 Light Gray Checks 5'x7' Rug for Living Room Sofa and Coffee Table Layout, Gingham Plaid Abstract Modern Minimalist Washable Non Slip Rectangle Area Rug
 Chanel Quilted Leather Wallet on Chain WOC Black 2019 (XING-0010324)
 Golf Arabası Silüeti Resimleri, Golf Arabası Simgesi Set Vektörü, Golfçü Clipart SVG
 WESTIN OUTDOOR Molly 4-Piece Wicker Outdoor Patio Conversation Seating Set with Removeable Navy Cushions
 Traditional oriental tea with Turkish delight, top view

※

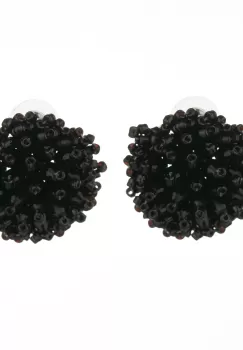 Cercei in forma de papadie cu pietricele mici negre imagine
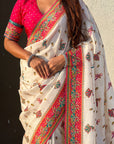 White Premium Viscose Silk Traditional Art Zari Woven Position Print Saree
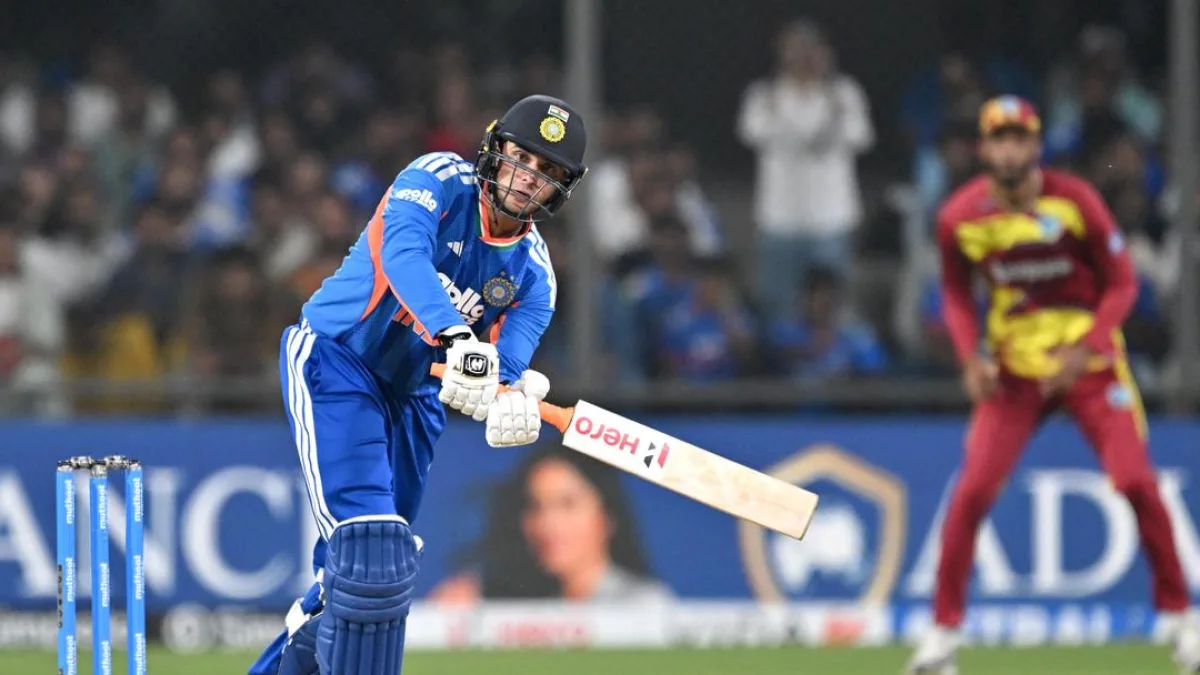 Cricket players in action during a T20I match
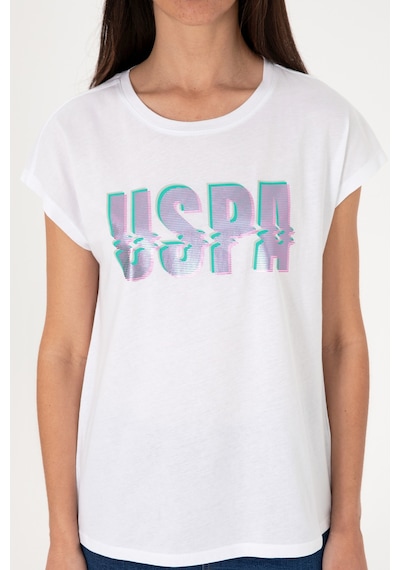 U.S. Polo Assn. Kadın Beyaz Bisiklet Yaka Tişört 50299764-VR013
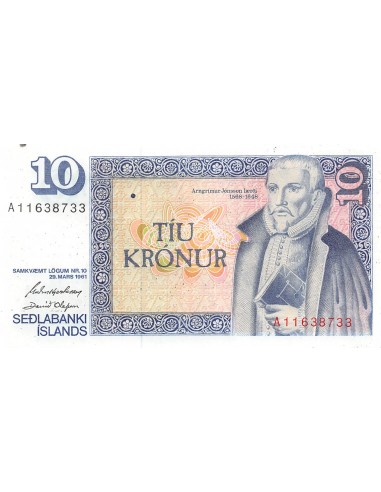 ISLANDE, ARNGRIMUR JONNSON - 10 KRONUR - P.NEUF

※

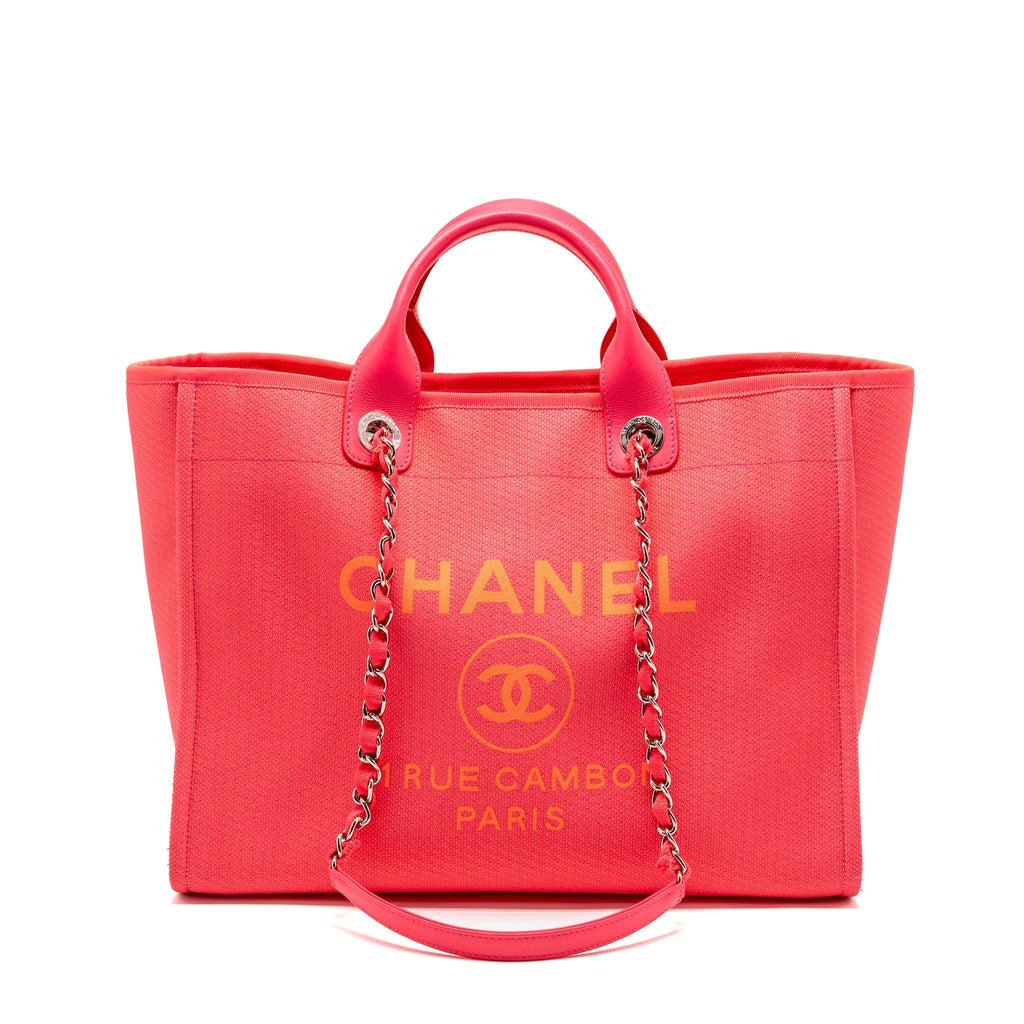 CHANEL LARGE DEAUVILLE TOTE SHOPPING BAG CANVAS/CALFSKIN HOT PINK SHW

※

## WORK INSTRUCTIONS
Using the data above, retype exactly and only the lines from the one containing "U.S. Polo Assn." up to and including the one containing "ISLANDE, ARNGRIMUR JONNSON", with no pictures carried over.

## YOUR SOLUTION
 U.S. Polo Assn. Kadın Beyaz Bisiklet Yaka Tişört 50299764-VR013
 ISLANDE, ARNGRIMUR JONNSON - 10 KRONUR - P.NEUF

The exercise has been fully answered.